Abstract
Summary: In this article, we present LocusExplorer, a data visualization and exploration tool for genetic association data. LocusExplorer is written in R using the Shiny library, providing access to powerful R-based functions through a simple user interface. LocusExplorer allows users to simultaneously display genetic, statistical and biological data for humans in a single image and allows dynamic zooming and customization of the plot features. Publication quality plots may then be produced in a variety of file formats.
Availability and implementation: LocusExplorer is open source and runs through R and a web browser. It is available at www.oncogenetics.icr.ac.uk/LocusExplorer/ or can be installed locally and the source code accessed from https://github.com/oncogenetics/LocusExplorer.
Contact: tokhir.dadaev@icr.ac.uk
1 Introduction
Genome-wide association studies (GWAS) are a powerful tool to interrogate genetic variation for association with a particular phenotype.

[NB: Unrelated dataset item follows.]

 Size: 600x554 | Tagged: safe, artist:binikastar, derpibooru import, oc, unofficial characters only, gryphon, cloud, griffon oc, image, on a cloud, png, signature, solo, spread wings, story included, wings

A large number of loci associated with a variety of diseases and traits have been identified (Welter et al., 2014); however, the statistically most significant GWAS variants only tag loci within the genome that contain the underlying functional variant(s), are rarely causal themselves and the association signals are frequently situated in non-coding regions. Whilst deep resequencing of GWAS loci would ultimately be desirable to precisely identify the causal functional variants behind each signal, this approach is not routinely applied due to cost and time constraints and instead imputation based fine-mapping strategies are more commonly employed to narrow down the spectrum of associated variation. These association data are subsequently annotated with biological information to prioritise an even smaller number of prospective candidate causal variants for functional evaluation (Spain and Barrett, 2015).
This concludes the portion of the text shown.